“有句老話叫:人離鄉賤!”
亞倫不敢和人說話,害怕別人發現他有不一樣的舉動。
他最初來到異世界的時候,在觀察四周的環境就發現了,盡管附近的人都是金發碧眼。但肯定不是在地球。
這都是因為他剛剛過來那天夜裡敵人攻打了進來,有個身穿盔甲的變態,直接砍穿了兩米寬,三米高的土牆,盡管那是他白天壘的……
亞倫就明白了,這地方很危險。
靠著裝死躲過一劫的亞倫,在戰鬥結束後,就被同陣營的人給翻了出來,然後就被安排了工作。
拖屍體去掩埋……
敵人的,自己人的,這活可不是跟電影那樣,把東西拉到一起找個坑埋了,身上的物件必須通通扒個乾淨才行。

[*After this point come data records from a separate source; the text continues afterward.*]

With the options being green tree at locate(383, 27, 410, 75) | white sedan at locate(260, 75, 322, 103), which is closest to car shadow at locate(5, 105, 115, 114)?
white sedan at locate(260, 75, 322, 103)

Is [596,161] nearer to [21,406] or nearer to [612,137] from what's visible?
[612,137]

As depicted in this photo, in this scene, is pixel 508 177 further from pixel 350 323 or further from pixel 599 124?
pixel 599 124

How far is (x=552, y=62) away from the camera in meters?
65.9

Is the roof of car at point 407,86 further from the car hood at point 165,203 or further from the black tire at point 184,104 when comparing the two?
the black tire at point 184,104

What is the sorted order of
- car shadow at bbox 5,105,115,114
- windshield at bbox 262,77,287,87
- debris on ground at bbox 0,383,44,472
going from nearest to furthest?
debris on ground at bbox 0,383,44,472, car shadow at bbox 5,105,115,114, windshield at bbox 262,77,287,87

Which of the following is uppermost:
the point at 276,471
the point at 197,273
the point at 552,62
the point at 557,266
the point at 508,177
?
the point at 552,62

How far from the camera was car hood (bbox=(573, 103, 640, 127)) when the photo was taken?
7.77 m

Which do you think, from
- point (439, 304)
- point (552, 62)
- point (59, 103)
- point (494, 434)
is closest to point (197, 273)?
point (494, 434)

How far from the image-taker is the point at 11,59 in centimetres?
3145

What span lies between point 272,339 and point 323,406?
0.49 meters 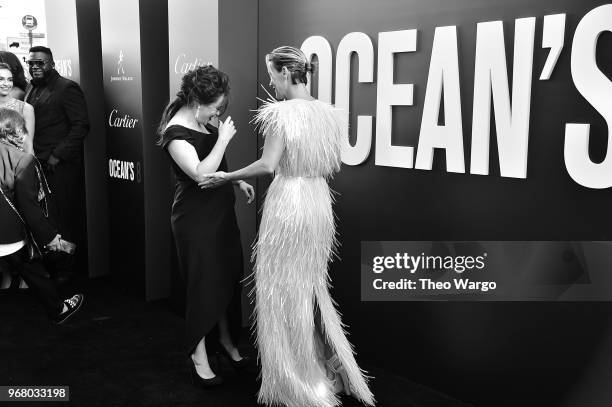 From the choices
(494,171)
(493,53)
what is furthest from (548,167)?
(493,53)

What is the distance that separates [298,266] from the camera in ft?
8.91

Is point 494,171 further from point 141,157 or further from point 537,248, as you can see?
point 141,157

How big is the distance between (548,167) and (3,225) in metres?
2.92

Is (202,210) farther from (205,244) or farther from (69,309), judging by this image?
(69,309)

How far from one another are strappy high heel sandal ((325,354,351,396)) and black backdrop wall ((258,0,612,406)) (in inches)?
16.7

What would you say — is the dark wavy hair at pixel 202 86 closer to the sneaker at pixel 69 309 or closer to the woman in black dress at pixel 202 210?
the woman in black dress at pixel 202 210

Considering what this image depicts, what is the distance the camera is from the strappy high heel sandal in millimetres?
2832

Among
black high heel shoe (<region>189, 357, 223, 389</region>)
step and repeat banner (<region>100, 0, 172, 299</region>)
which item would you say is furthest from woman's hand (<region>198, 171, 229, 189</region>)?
step and repeat banner (<region>100, 0, 172, 299</region>)

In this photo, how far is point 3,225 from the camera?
3.49 meters

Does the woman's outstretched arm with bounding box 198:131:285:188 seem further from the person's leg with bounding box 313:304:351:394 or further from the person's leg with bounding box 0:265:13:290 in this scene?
the person's leg with bounding box 0:265:13:290

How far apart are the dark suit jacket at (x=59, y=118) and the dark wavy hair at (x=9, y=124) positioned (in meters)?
0.93

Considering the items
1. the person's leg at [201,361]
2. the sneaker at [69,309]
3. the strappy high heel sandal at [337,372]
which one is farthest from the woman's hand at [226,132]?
the sneaker at [69,309]

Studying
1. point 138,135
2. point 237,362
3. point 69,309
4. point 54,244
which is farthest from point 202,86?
point 69,309

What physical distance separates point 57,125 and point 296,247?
2857mm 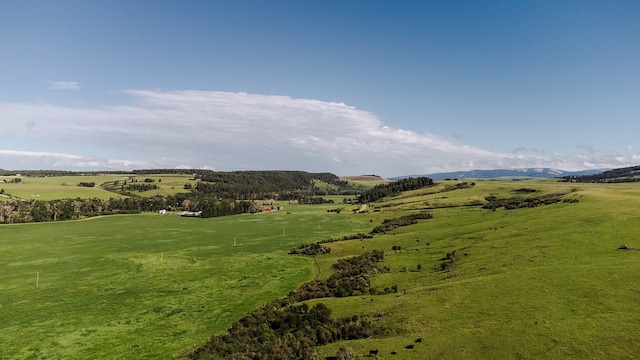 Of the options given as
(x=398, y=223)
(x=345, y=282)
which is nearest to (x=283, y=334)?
(x=345, y=282)

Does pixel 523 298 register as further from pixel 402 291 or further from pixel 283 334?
pixel 283 334

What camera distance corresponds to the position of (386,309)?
39406 mm

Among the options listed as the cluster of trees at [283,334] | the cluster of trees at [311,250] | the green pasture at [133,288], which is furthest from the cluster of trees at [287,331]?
the cluster of trees at [311,250]

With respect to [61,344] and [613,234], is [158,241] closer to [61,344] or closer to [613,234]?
[61,344]

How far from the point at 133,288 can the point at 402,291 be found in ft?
158

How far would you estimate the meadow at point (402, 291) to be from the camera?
93.8 feet

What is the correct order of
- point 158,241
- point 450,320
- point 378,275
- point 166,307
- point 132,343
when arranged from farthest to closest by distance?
point 158,241 → point 378,275 → point 166,307 → point 132,343 → point 450,320

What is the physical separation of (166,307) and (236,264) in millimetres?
28048

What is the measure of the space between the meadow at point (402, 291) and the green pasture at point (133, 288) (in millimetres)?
283

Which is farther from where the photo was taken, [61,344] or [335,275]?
[335,275]

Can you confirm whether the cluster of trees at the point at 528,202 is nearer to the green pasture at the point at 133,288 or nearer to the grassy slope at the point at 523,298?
the grassy slope at the point at 523,298

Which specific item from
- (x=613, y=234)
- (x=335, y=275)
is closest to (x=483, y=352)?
(x=335, y=275)

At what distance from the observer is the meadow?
28594 millimetres

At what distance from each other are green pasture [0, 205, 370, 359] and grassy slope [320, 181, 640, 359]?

所以亞倫必須得把防具,武器,甚至連破舊衣服都得扒下來上繳,這個過程中還有一個軍官在旁邊監督,防止有人私藏。
當然。
最為重要的是得把自己人擺放整齊,好讓後勤部的書記員統計下死亡人員身份。
好在亞倫不暈血,兩腿顫顫,他還是拖著“同類”的腿,拉到指定的地方擺放。
在拉開一具屍體後,亞倫發現了一個巴掌大玻璃瓶,看起來像是裝藥劑的瓶子,亞倫下意識到這是個好東西。
這個瓶身就值十個銀勒!!!
盡管他不知道十個銀勒值多少錢,但從這具被他魂穿的倒霉身體給的反饋看來,這是一個貴重物品。
打掃戰場,按例一切繳獲通通上交。
每次打掃完戰場完,工作的仆兵都會被小隊長帶人進行搜身檢查,發現私藏物品一律吊起來抽。
可現在是在營地裡啊,亞倫不需要把這個玻璃瓶藏在身上,完全可以藏在附近,蓋點土遮掩,反正這邊就是自己的活動范圍。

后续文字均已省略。